====== RECORDS PROVIDED

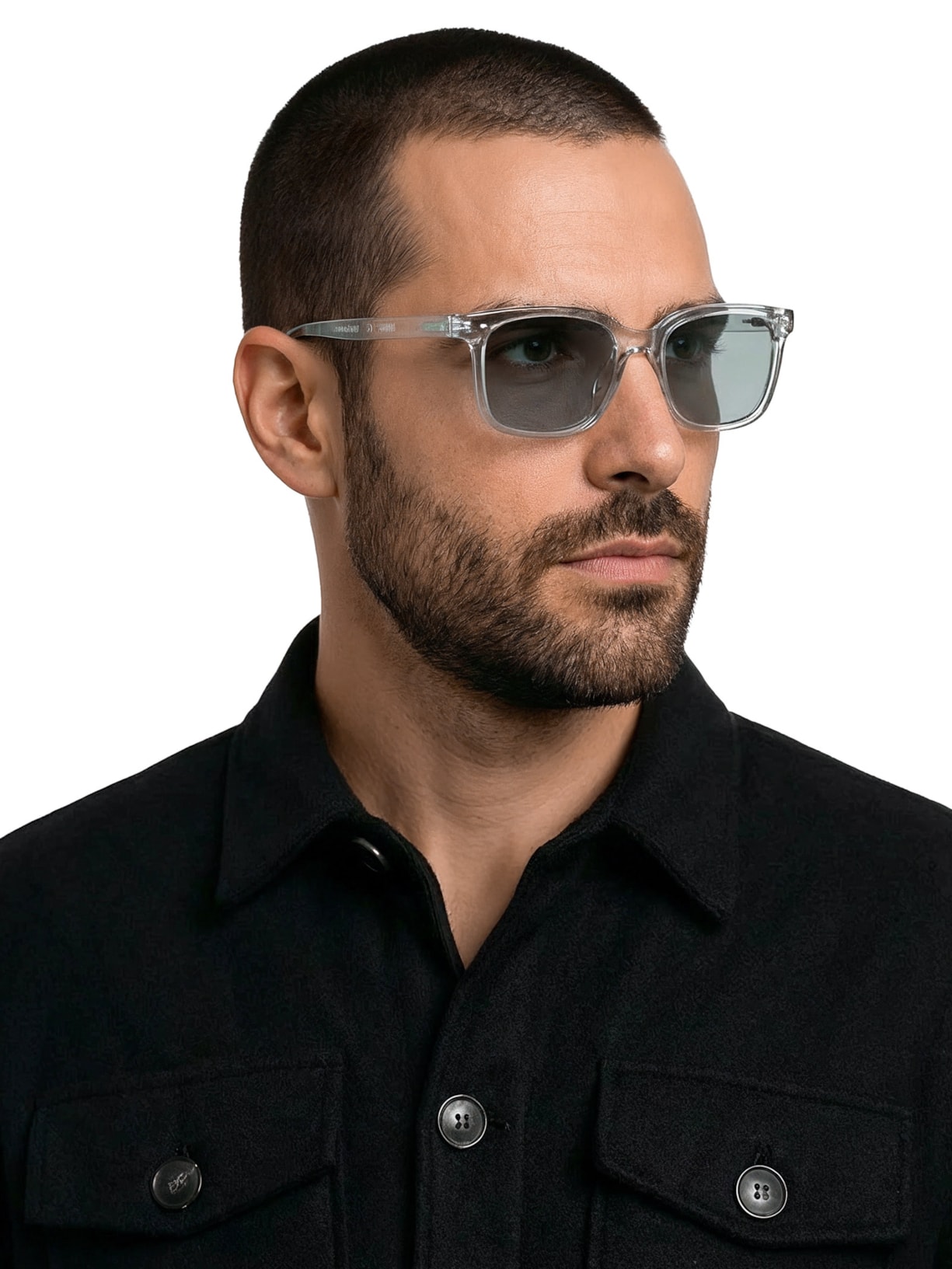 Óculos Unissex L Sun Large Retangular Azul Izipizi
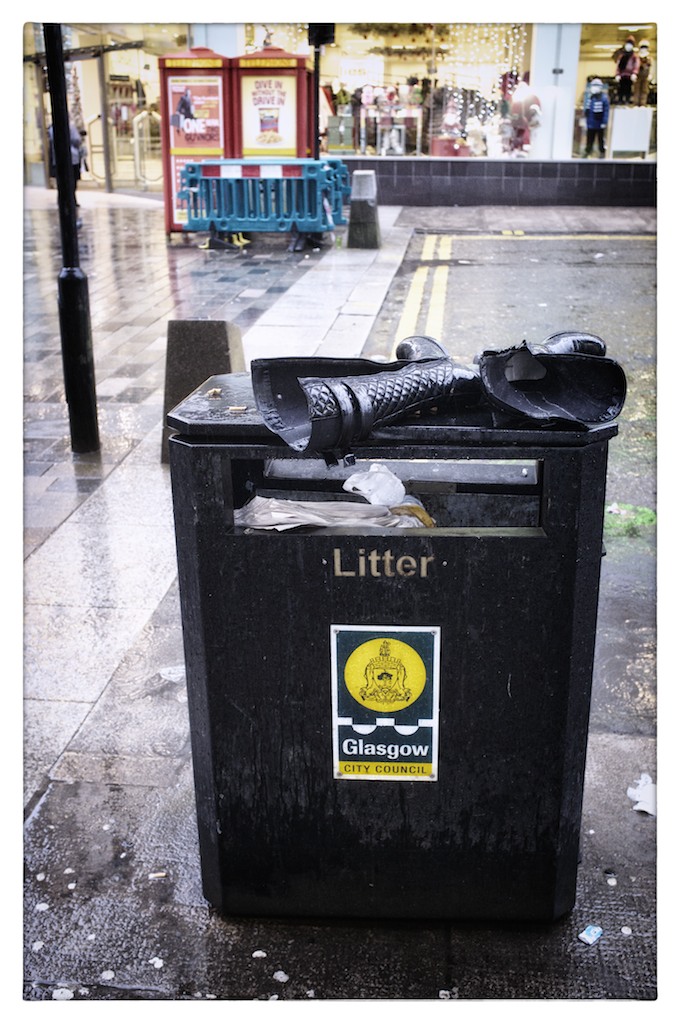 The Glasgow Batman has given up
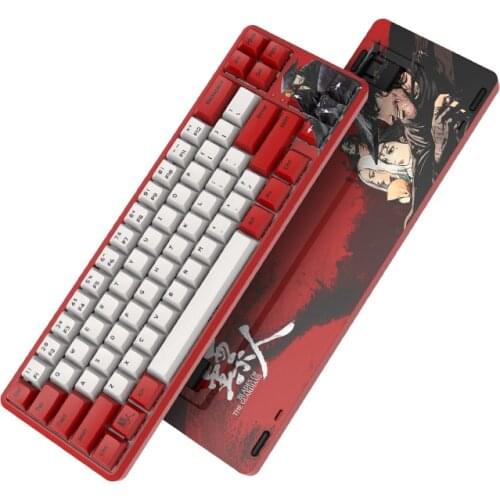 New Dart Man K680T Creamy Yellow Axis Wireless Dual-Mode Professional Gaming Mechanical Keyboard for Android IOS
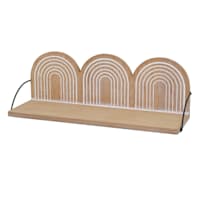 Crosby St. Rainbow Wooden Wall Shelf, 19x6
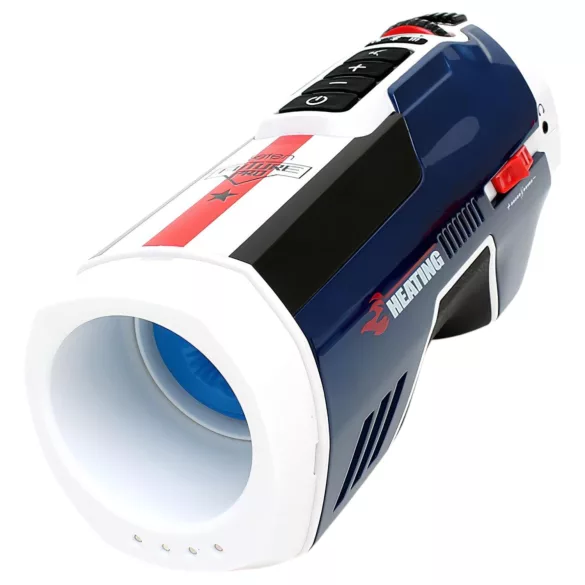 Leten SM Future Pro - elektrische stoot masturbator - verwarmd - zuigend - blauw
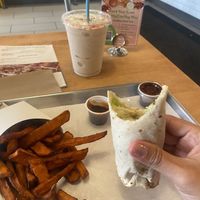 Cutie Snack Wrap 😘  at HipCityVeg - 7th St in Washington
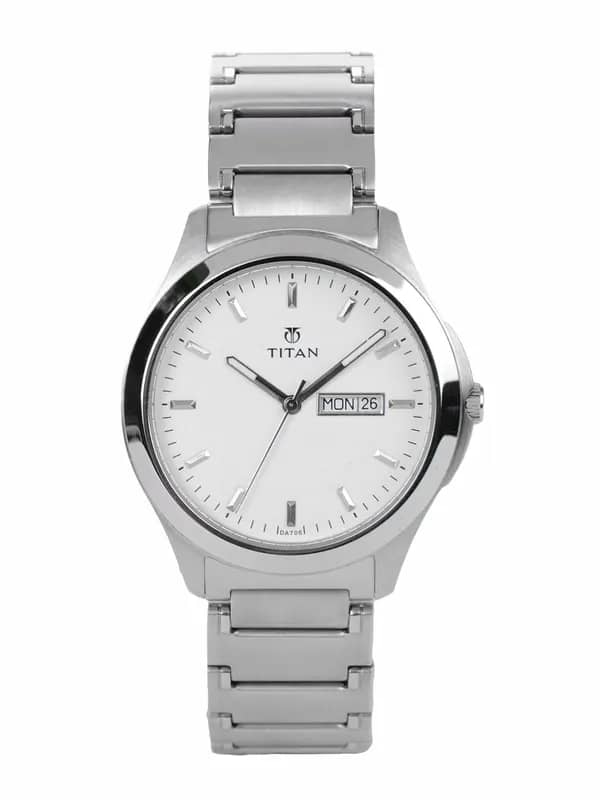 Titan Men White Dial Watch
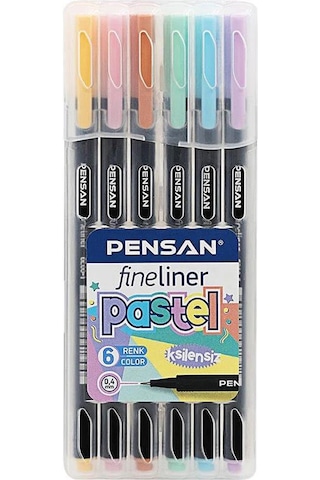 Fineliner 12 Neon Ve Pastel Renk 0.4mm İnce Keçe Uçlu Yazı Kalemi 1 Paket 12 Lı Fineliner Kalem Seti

============
====== RECORDS PROVIDED

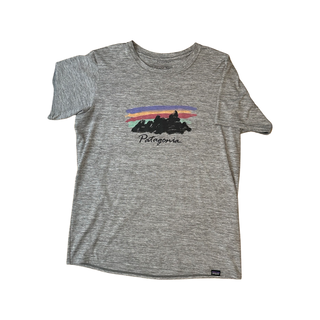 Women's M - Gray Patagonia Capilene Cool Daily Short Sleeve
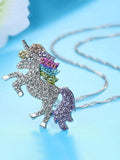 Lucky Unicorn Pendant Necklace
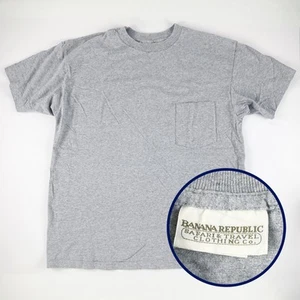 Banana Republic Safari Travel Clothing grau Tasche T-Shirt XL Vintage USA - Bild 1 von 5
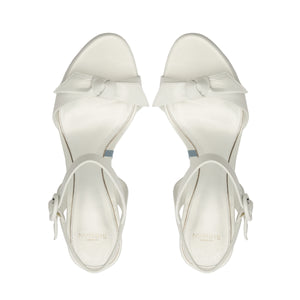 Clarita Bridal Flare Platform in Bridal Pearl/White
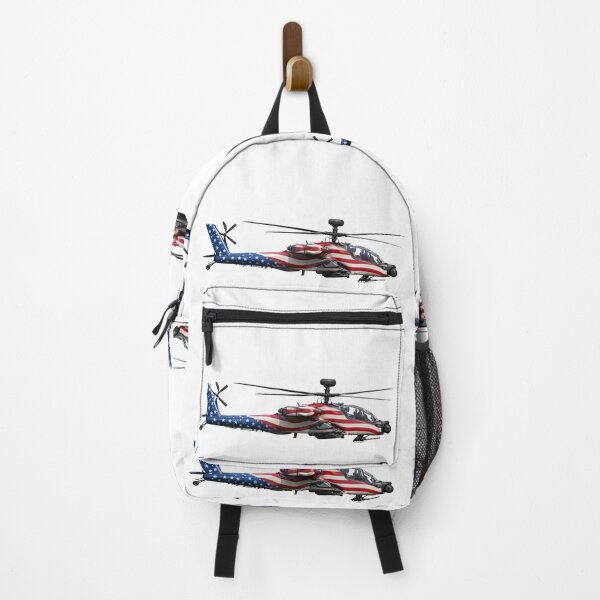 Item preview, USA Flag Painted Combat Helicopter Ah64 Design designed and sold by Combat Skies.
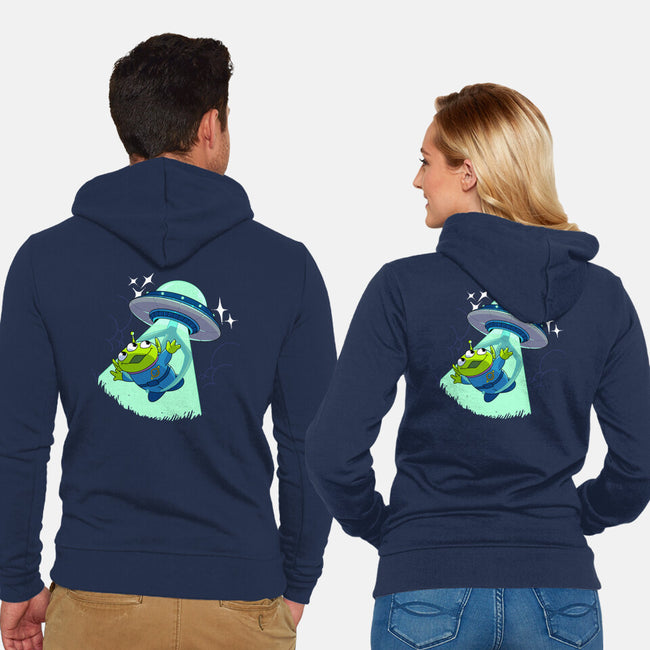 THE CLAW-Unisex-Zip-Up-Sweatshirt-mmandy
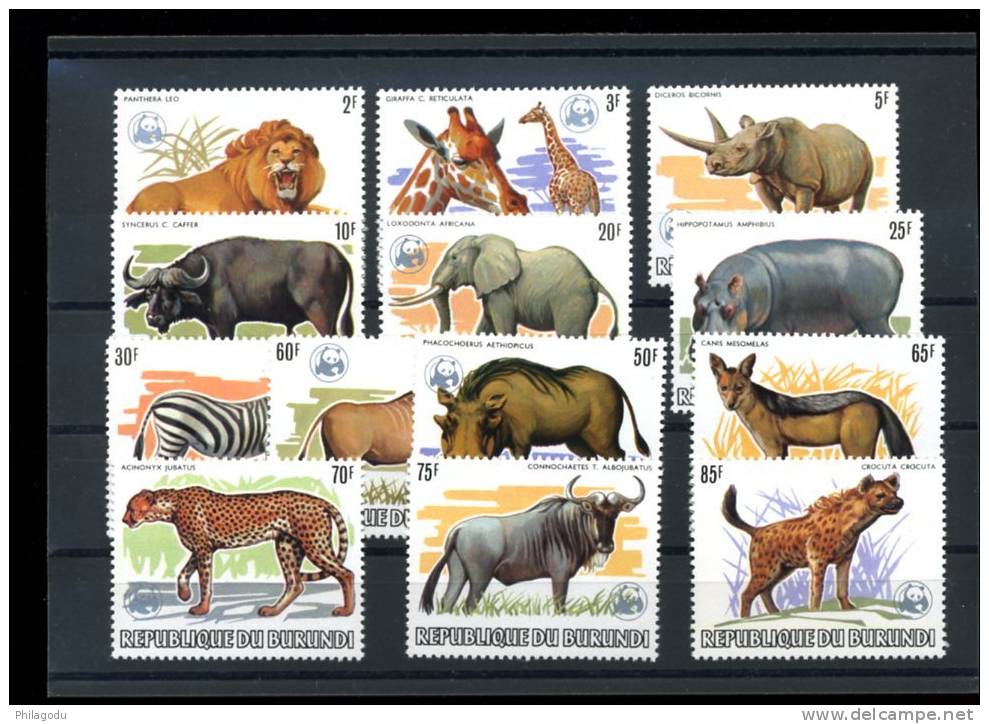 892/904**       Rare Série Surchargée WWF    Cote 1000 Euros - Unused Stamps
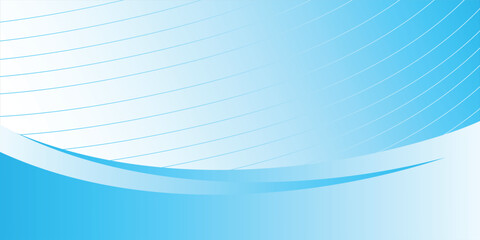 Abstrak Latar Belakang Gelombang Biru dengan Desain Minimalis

============
====== RECORDS PROVIDED

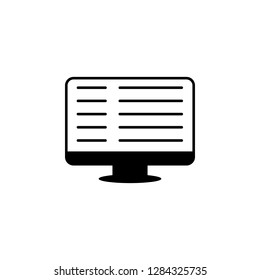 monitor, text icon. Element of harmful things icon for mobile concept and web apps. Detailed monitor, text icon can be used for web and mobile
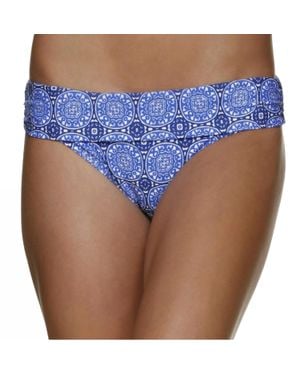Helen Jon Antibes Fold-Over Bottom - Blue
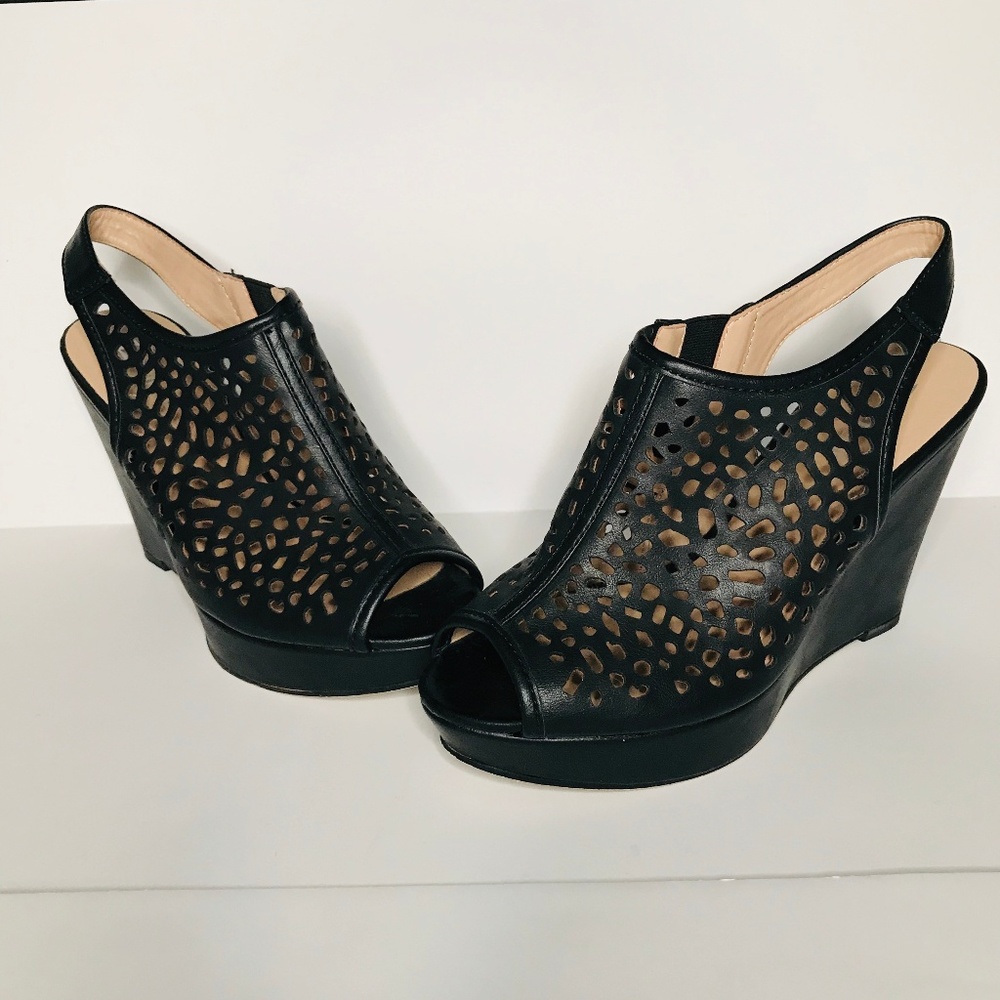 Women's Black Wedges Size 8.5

============

=== WHAT THE TASK REQUIRES ===
In the entries above, find the line containing "Titan Men White Dial Watch" and the line containing "Fineliner 12 Neon"; give again exactly those two lines and every line between them, minus the pictures.

=== ANSWER SECTION ===
 Titan Men White Dial Watch
 Fineliner 12 Neon Ve Pastel Renk 0.4mm İnce Keçe Uçlu Yazı Kalemi 1 Paket 12 Lı Fineliner Kalem Seti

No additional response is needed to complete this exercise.